> Short web captions:
┌──

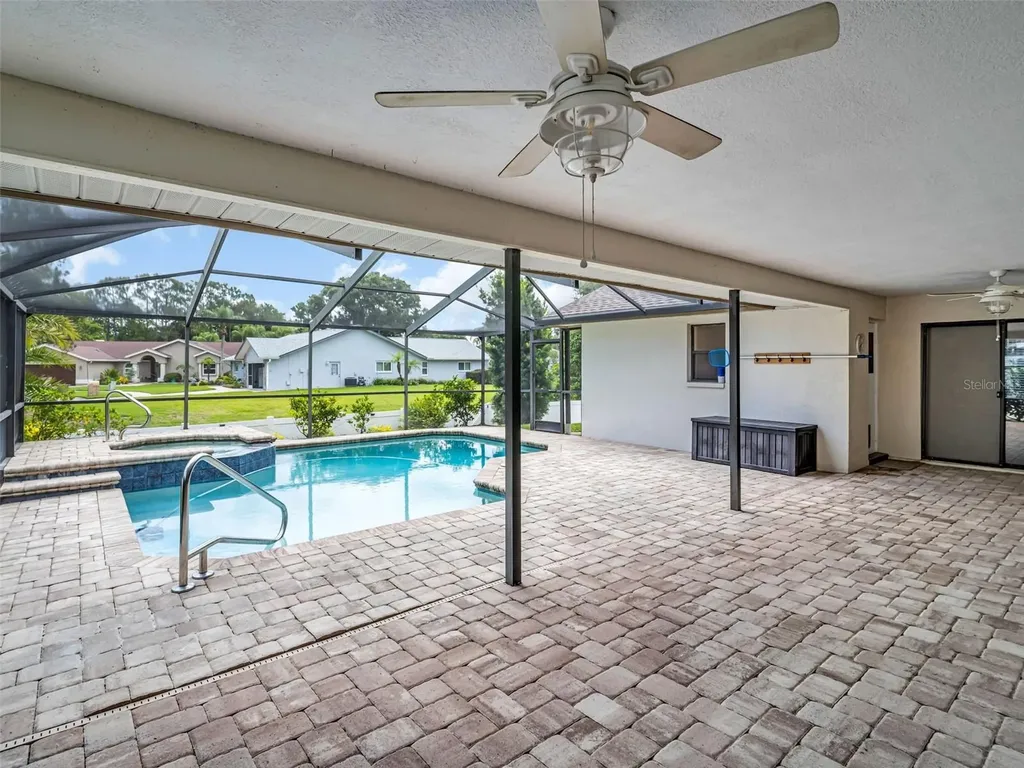 447 Whispering Lakes Boulevard Tarpon Springs FL 34688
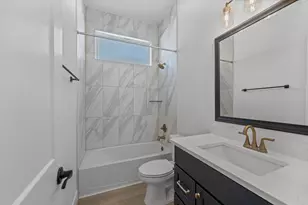 18047 Brennie Bird Ln, Conroe, TX 77302 - Photo 12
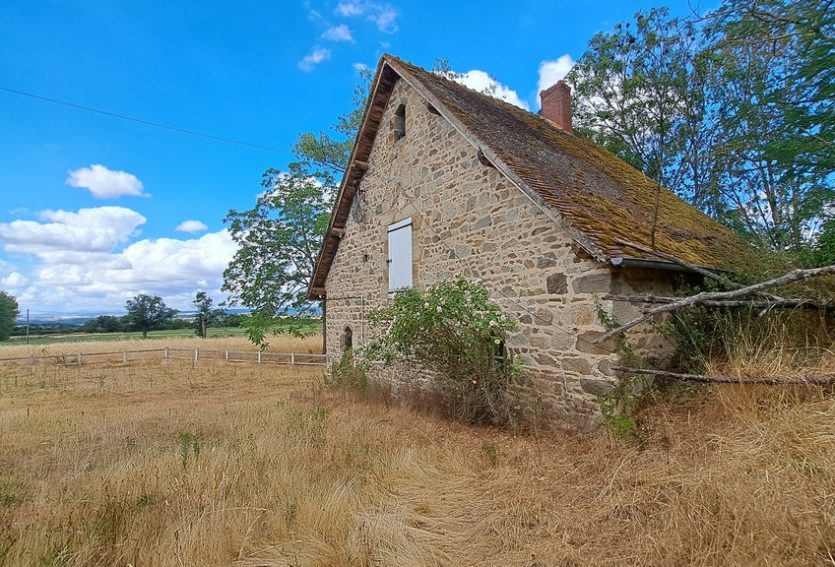 Relais de chasse XIXe avec 20 ha.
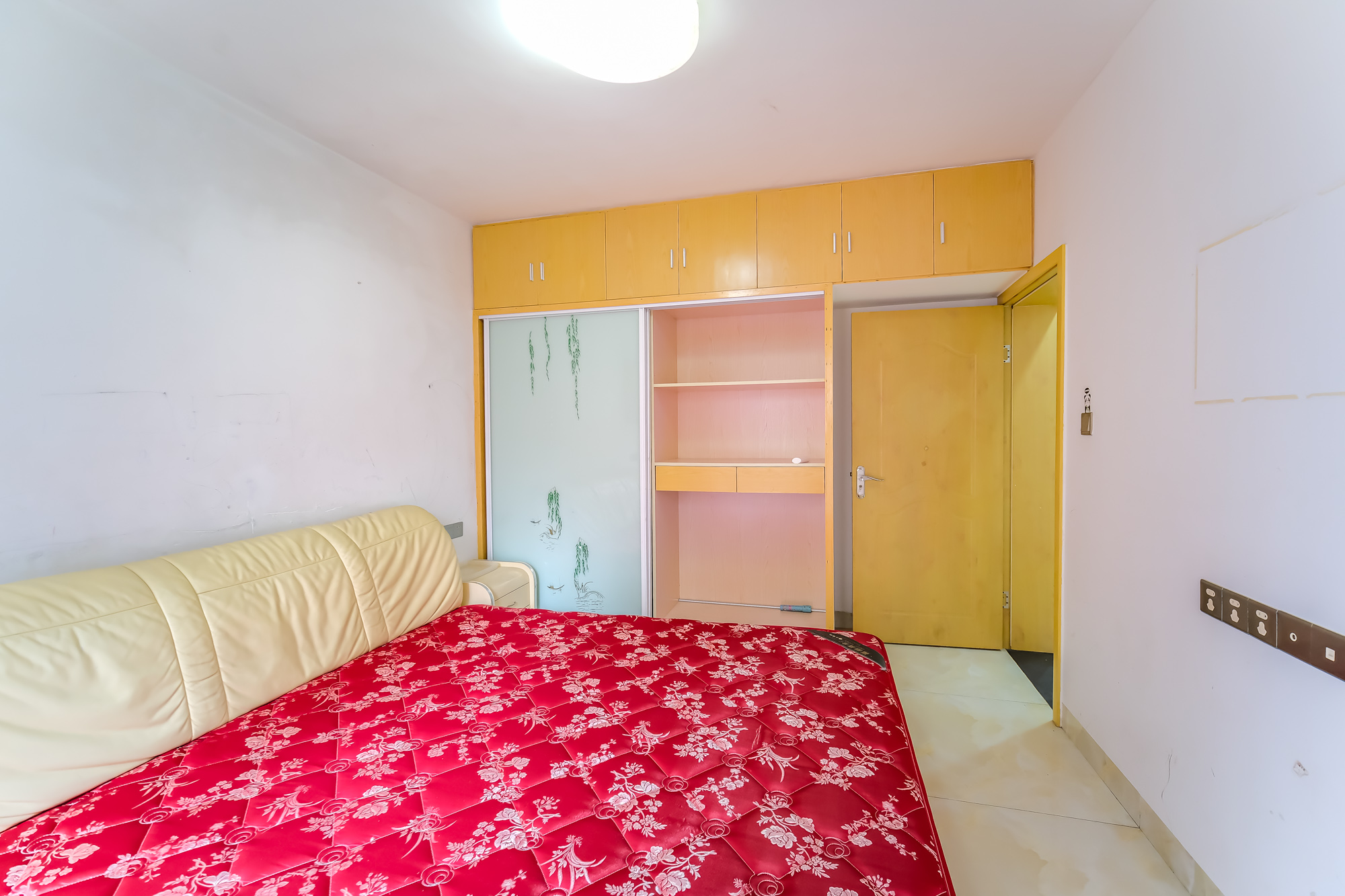 三一街区 3室2厅1卫 65.0万 三一街区 3室2厅1卫 65.0万卧室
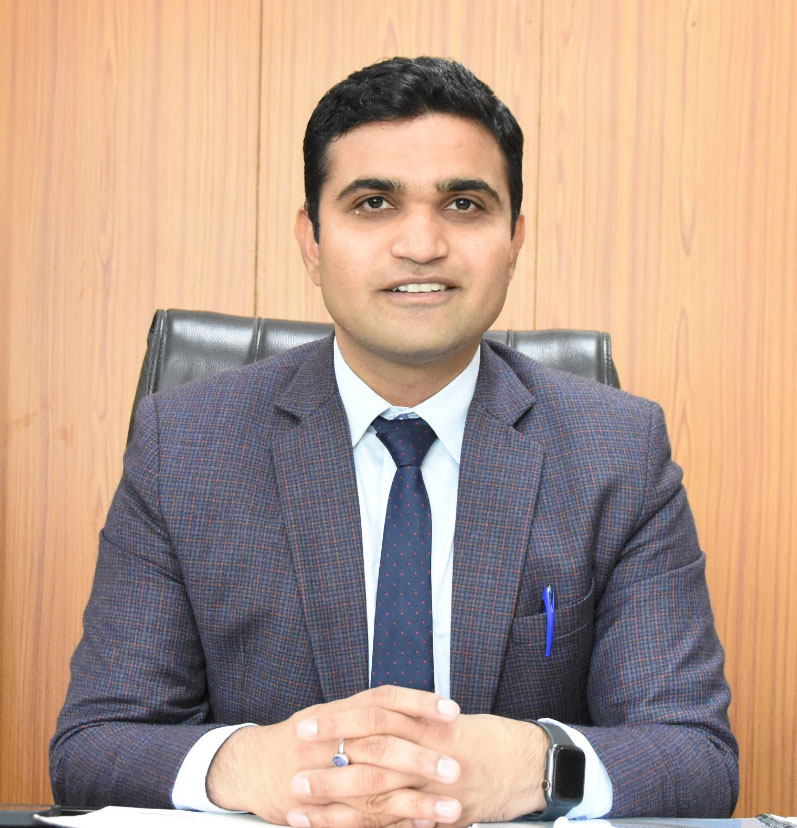 जिला में 9वां अंतर्राष्ट्रीय योग दिवस का भव्य आयोजन किया जाएगा: डीसी विक्रम सिंह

└──

> Task item:
The answer must be an exact restatement of all the records, with no pictures included.

> Task response:
 447 Whispering Lakes Boulevard Tarpon Springs FL 34688
 18047 Brennie Bird Ln, Conroe, TX 77302 - Photo 12
 Relais de chasse XIXe avec 20 ha.
 三一街区 3室2厅1卫 65.0万 三一街区 3室2厅1卫 65.0万卧室
 जिला में 9वां अंतर्राष्ट्रीय योग दिवस का भव्य आयोजन किया जाएगा: डीसी विक्रम सिंह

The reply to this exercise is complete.